Malam senin tahun 2011 di entah pada tanggal berapa, aku tidak ingat persis kapan itu terjadi. aku sowan Kyaiku, dari komplek C aku berangkat, jam sudah menunjuk hampir tengah malam, begitu ada teman memberitahuku bahwa Kyai sedang menemui tamu dengan pintu terbuka, aku bergegas menuju ndalem dengan semangat yang bergejolak. Kulihat dari luar ada tiga tamu, di Ndalem sederhana bercat hijau tua itu, beliau biasa melayani tamu-tamu yang berdatangan dari tingkat apapun, aku mulai masuk melalui pintu depan yang setengah terbuka itu, sambil merundukkan badan aku mengucap salam.

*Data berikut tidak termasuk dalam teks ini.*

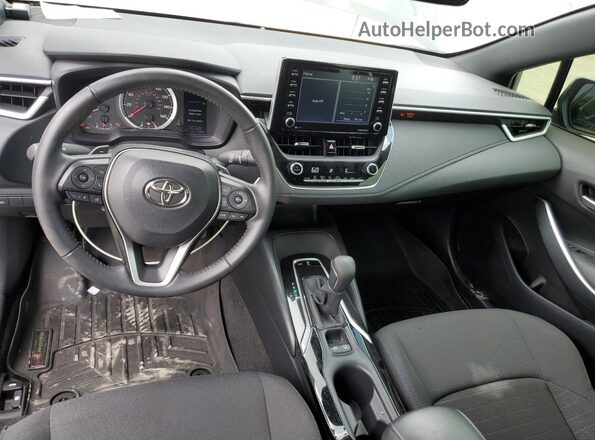 JTDS4MCE2MJ061118 2021 TOYOTA LL Gray Dashboard view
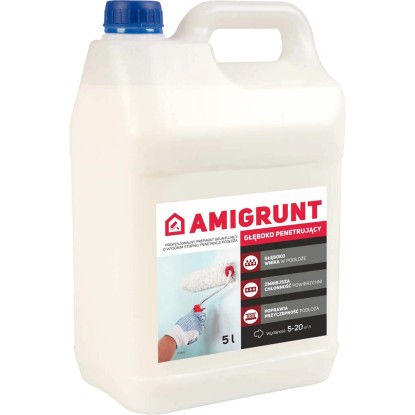 Primacol Grunt głęboko penetrujący Amigrunt 5 l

Santri Al-Fadlu seusia atau sedikit di atasku, acap kali heran dengan keberanianku yang nampak terasa tidak punya beban setiap sowan kepada beliau, minta
wejangan, atau tibatiba menyelusup ke dalam ketika ada tamu untuk
nguping penuturan Kyai, atau sekadar
ngalap berkah dengan cara mengecup punggung tangannya.
Aku selalu bilang kepada mereka bahwa sowan adalah tindakan membuka ruang untuk bisa lebih dikenal, agar namaku benar-benar nancap di hati Kyai, dengan begitu akan ada potensi lebih besar kalau di setiap doanya namaku disertakan secara khusus. Mungkin ini hanya salah satu jalan untuk menuju ke sana, bahwa para santri kebanyakan sepakat kalau ada santri dipanggil Kyainya dengan menggunakan nama aslinya, maka nyaris bisa dipastikan kalau santri itu bukan sembarang orang. meski aku tahu bahwa tanpa di kenal pun, Kyai akan selalu mendoakan
para santrinya. Di antara buktinya adalah bahwa setiap Istighosah yang
di adakan tiap malam jum'at kliwon itu, Kyai sering mendahulukan doa
untuk santrinya dibanding yang lain. Yang demikian sudah menjadi
konsumsi publik kalau bahwa Kyai lebih menitik-beratkan tanggung jawab sebagai Kyai kepada santrinya ketimbang Abah kepada Putraputranya.